I don't wanna be such a downer right now, but here goes:
Even though we are little more than two months removed from Election Day, I feel like the GOP will somehow pull it off yet again. I'm worried about our Senate chances in PA, MD, NJ, MN, MO and WA as polls in all of these states show tightening races (I'm especially worried about the first three, because Casey is fumbling, Menendez is having problems, and Mfume may end up being the nominee and force us to divert money away from other races to help him).

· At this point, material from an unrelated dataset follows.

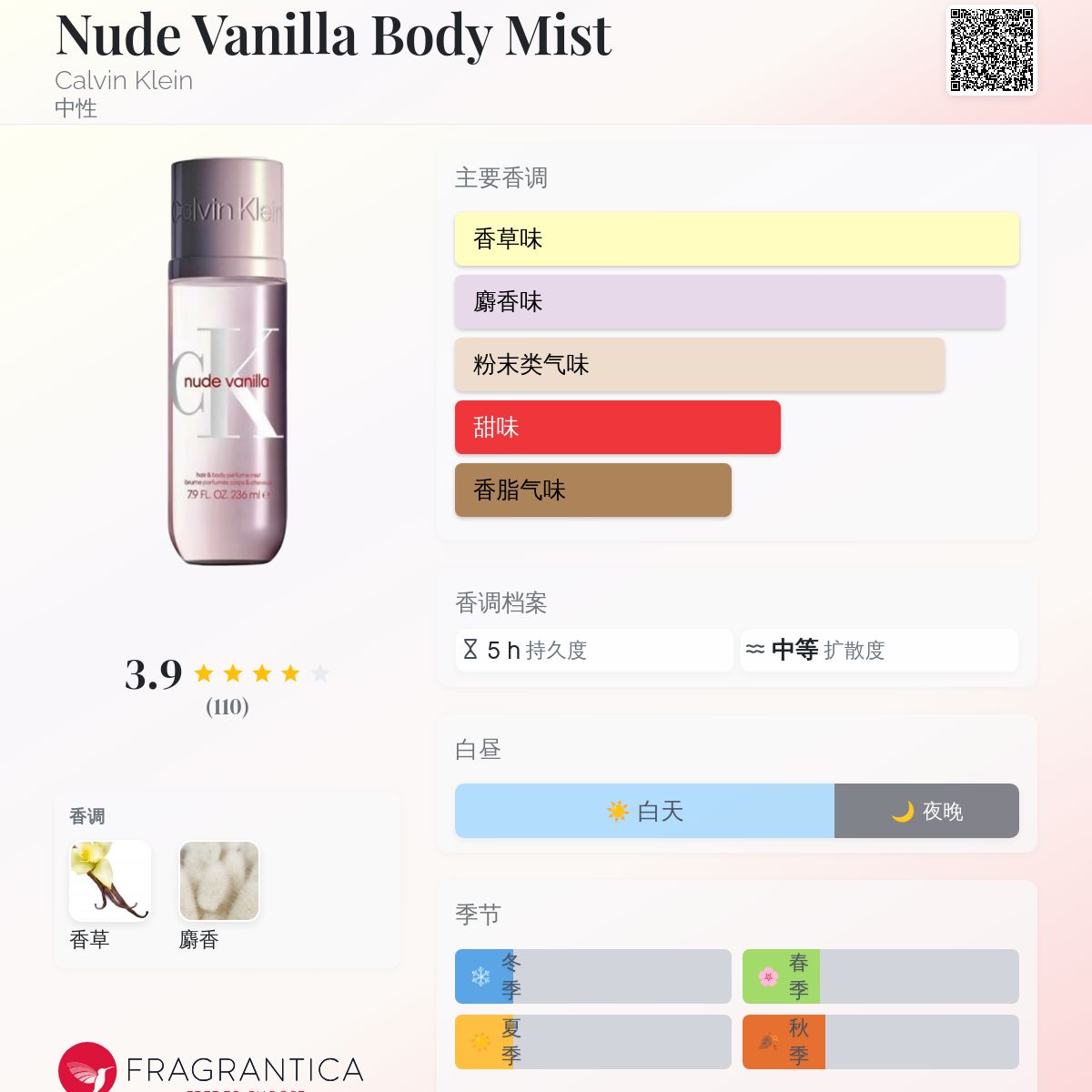 Nude Vanilla Body Mist Calvin Klein 香水- 一款2025年新的中性香水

At the same time, I have this over-riding sense of negativity, pulsating through me with fear that the GOP will win again because they are just better than us when it comes to campaigning. If elections were held on random dates, we would win every time. But the way in which the election cycle is set up, it allows for months of dirty tricks and lies. It's an indescribable feeling of dread. One that is abstract. In my mind right now, something keeps telling me "we're gonna lose, we're gonna lose!" I had this same dread at this point in 2002 and 2004, and up until this weekend when I saw Casey debate Santorum, and I read some polls for the other Senate races, I was pretty optimistic.
I know that this thread may be considered heresey, and perhaps inflammatory, but I'm genuinely worried, and like a scared kid rushing into his parents bedroom in the middle of the night because he had a nightmare, I want someone to assure me "it'll be okay" and that we won't have to deal with yet two more years of unchecked and unfettered conservative destruction in this country.